The building was originally established as a hospital in the 12th century. It became a chantry chapel in 1268, founded by Matthew de Stratton, the Archdeacon of Buckingham. The present building dates from the 15th century, when John Ruding, Archdeacon of Lincoln, undertook rebuilding work in 1471 & 1481

The building was later used by the Royal Latin School, with the chantry priests probably serving as the first schoolmasters. A schoolmaster’s house was added to the north. The school remained on the site until 1907, when expansion prompted a move to new buildings on Chandos Road

Further restoration work was undertaken by Sir George Gilbert Scott in 1875

The chapel was given to the National Trust in 1912 & is open to the public as a second-hand bookshop


29. Ahead of us in the distance is the Old Gaol & it’s time to have a closer look…

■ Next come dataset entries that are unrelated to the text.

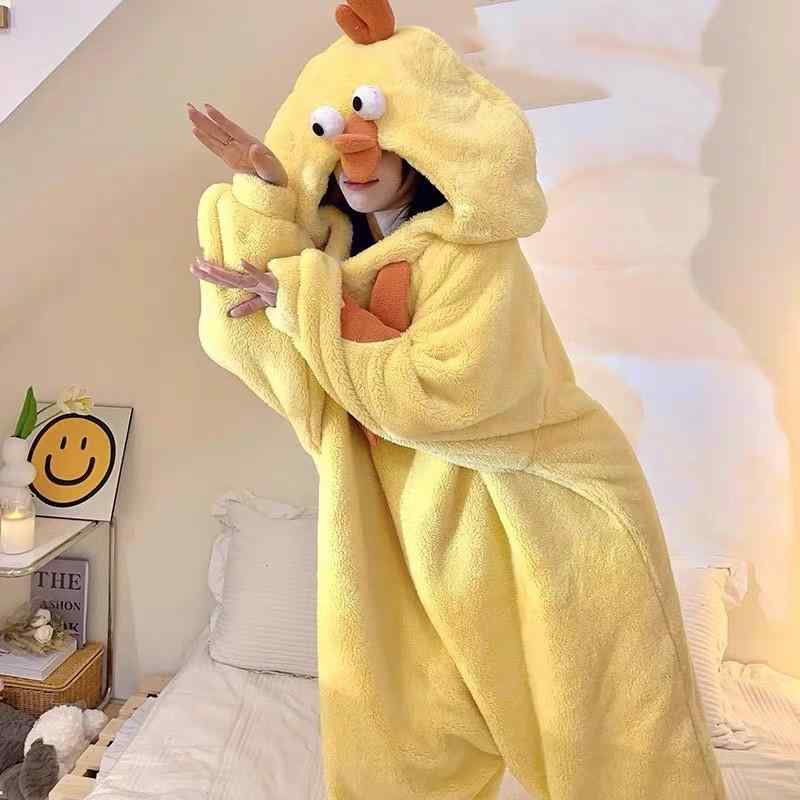 パジャマ レディース ルームウェア 上下セット 秋冬 珊瑚フリース あったか かわいい アニマル 長袖 長ズボン 寝巻き 部屋着 寒さ対策 冷え性対策 イエロー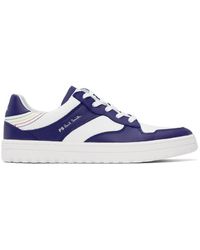 PS by Paul Smith - White & Blue Liston Leather Sneakers - Lyst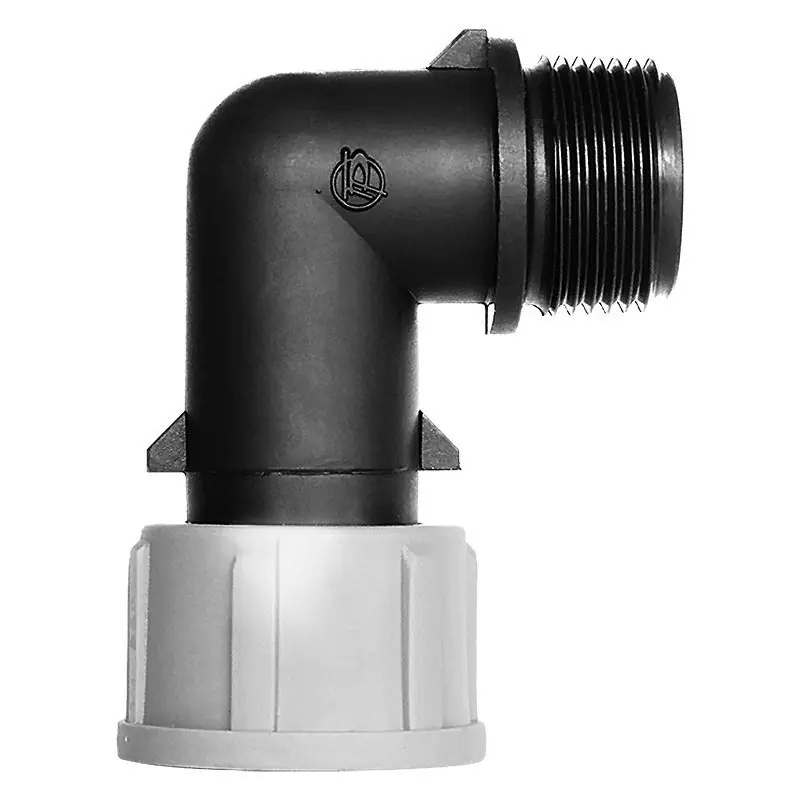 Gewindefitting PP, Winkel, 3/4" Außengewinde x 3/4" Innengewinde Überwurf Echt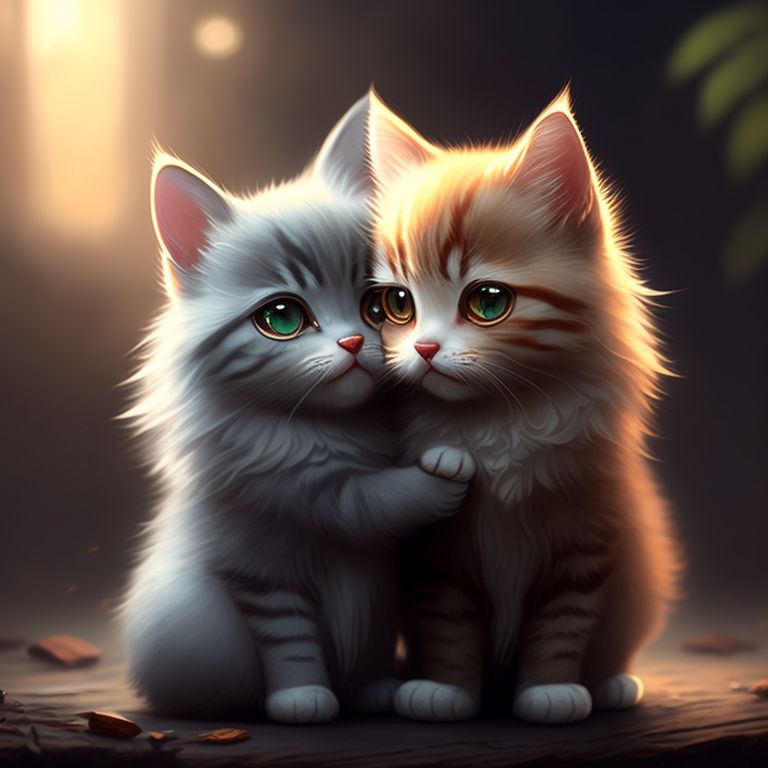 very cute tiny, two cute cats hugging each other

, rim lighting, adorable big eyes, small, By greg rutkowski, chibi, Perfect lighting, Sharp focus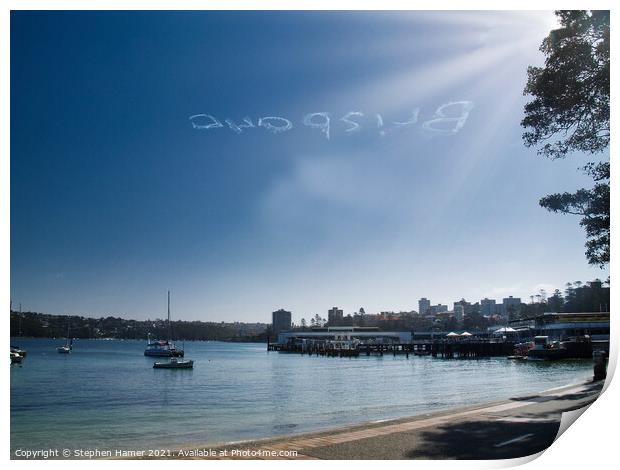 Sky Writing over Sydney Print by Stephen Hamer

If you fancy a quick refreshment then we can recommend the 100 year old ‘The Whale’ on the left – not the most fancy pub, but there’s a warm welcome & it serves a cracking pint of London Pride


pride30. There’s a few market stalls along here which is always good to see…




31. So let’s have a look at the Old Gaol…



Buckingham Old Gaol is now a museum, shop & tourist information centre

The original prison building was built in a gothic style in 1748 funded mainly by Richard Temple, 4th baronet of Stowe (1675–1749), previously MP for Buckingham.

One of the prisoners jailed was the prize fighter Simon Byrne, tried at the Buckingham Assizes in 1830 for the manslaughter of another prize fighter, Alexander M’Kay

The rounded front of the building, known as the Keeper’s Lodge, was added in 1839 & provided accommodation for the gaoler. For around 60 years, the Old Gaol acted as the police station for Buckingham, until a new one was built a short distance away on Moreton Road

In 1891 it became a fire station & then C Company of the 1st Bucks Rifles rented part of the building for their armoury from 1892 until 1926


In the 1950s it became an antiques shop & cafe until in 1974, the Aylesbury Vale District Council took over responsibility. Buckingham Heritage Trust was formed in 1985 to save the building & it opened as a museum in 1993, together with a tourist information centre

The Old Gaol Museum obtained finance from the Heritage Lottery Fund to add a glass roof over the original prisoners’ exercise yard in 2000

It’s well worth a look & the staff are lovely

32. After leaving this iconic building turn left & walk round the back of it crossing the road next to The King’s Head



33. On the other side’s another nice building which houses a Prezzo



Also on this side are some rather attractive cottages…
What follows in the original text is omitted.